Thank you for the kind welcome. Now the search function is a great idea but coming across someone that would have an exact similar setup as me would be very slim. I have read the rules and did not come across anything in regards to "djent" = moving thread to beginner. Now Djent metal may be regarded as a subgenre of progressive metal. Failiure to acknowledge that it may have it's own distinct sound is seen as ignorant. I am asking for help and I do not appreciate to be talked to in this manor. I will continue to try to be kind and mature. Now if anybody can point me in the right direction, feel free to respond. If this post needs to be moved, then do so.


----------



## smucarolina (Nov 26, 2012)

which manor are you in?


----------



## Given To Fly (Nov 26, 2012)

Here is some help. Watch this all the way to the end.  

You may or may not need a pedal to get the sound you are after but the Tubescreamer seems to be the pedal of choice.


----------



## xCaptainx (Nov 26, 2012)

all joking aside, spent a few hours going through some previous threads, there is A LOT of information to be found here. I was a long time lurker before joining. 

If you are looking for a cheap, practical way of getting the sound you are after, look at getting the pod HD500 instead. Read through the entire HD500 thread and have a listen to some soundclips people posted. That will get you much closer to the tone you are after than an Orange setup. you'll find the orange won't be tight enough for that ultra processed, compressed sound you will need. 

Spend a while digging up old threads, listening to clips and most importantly, have fun! awesome to hear that those bands inspired you to get back into it.


----------



## Djentliman (Nov 26, 2012)

Now I have never played an OR15 but a good place to start would be getting a noise gate or two and a tube screamer. For budget, I would suggest a BBE green screamer. I have one and it sounds great for about 50-100. Next, would be to look at your pickups. I don't particularly like actives for djent so Dimarzio would be a cheap replacement or, if you have the money, a Bare Knuckle. 

Settings wise, you are heading in the right place with the boosted mids (the Tube screamer helps...level all the way, tone to taste, and drive all the way down or up to one for more coloration). Turn them up until you get a honky sound then stop and turn it down slightly. You also need to boost your treble(same method except when it gets fizzy) and roll the bass off for clarity(also the same except when it looses its body). A lower gain setting is also ideal for djent.

To the ones who first replied...Why bother doing that? Give the man what he wants like I just did and stop bitching. Nuff said.

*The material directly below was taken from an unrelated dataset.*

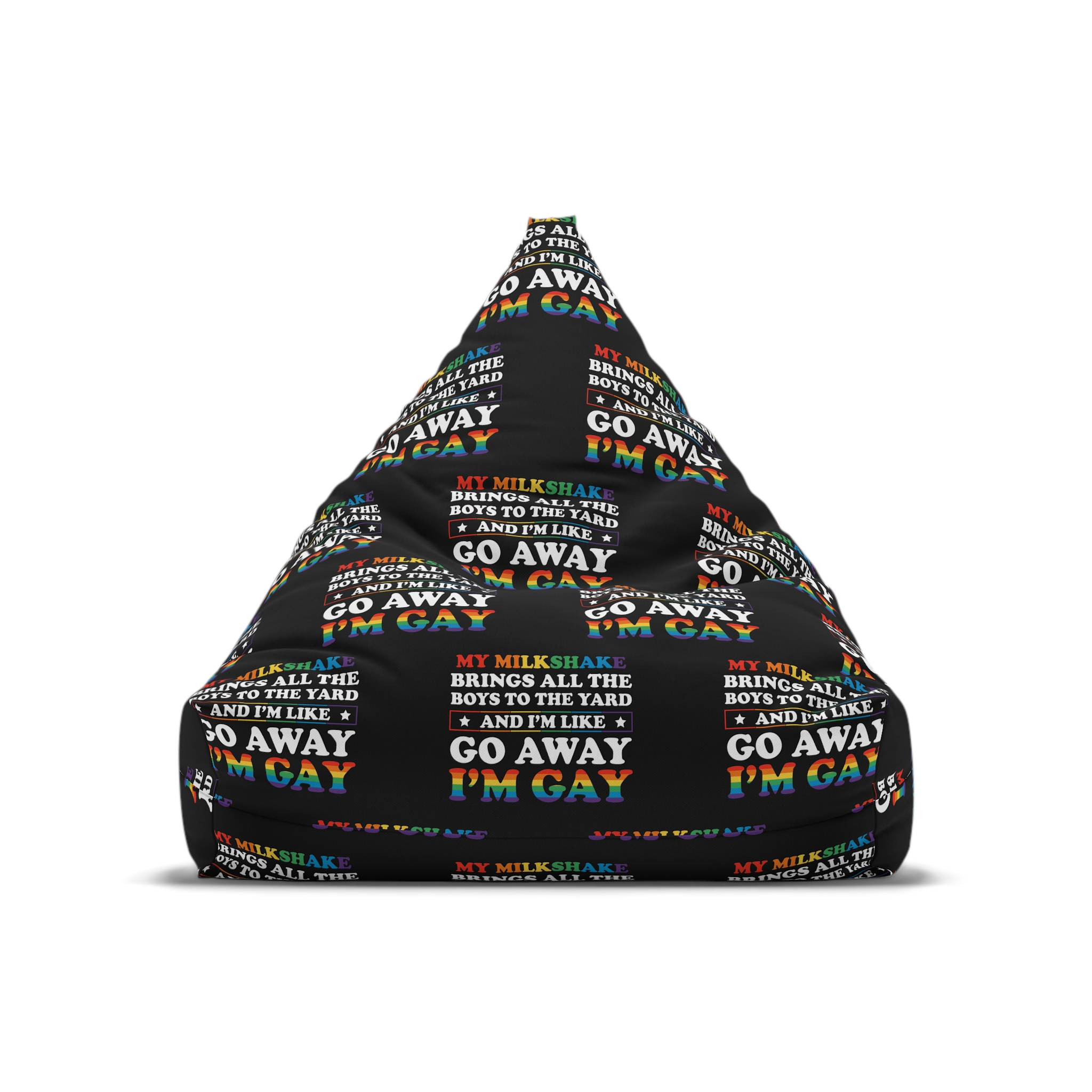 Pride Gay Lgbt Rainbow Tshirt Design Bean Bag Chair Cover - Image 5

I hope you have a great time hear and welcome aboard SS.org.


----------



## ChaosKyle (Nov 26, 2012)

Thank you so much man! Now I am not very good with pedals and what not, so can you explain what a noise gate is and what it does? I know that the tube screamer may be some kind of distortion/overdrive pedal correct? Also, if you are familiar with the song Mile Zero by Periphery, that is the exact sound I'm trying to go for. Not sure if I would be able to do that with an Orange.


----------



## smucarolina (Nov 26, 2012)

Google. Google. Google. Google. Google. Google. Google.


----------



## Djentliman (Nov 26, 2012)

ChaosKyle said:


> Thank you so much man! Now I am not very good with pedals and what not, so can you explain what a noise gate is and what it does? I know that the tube screamer may be some kind of distortion/overdrive pedal correct? Also, if you are familiar with the song Mile Zero by Periphery, that is the exact sound I'm trying to go for. Not sure if I would be able to do that with an Orange.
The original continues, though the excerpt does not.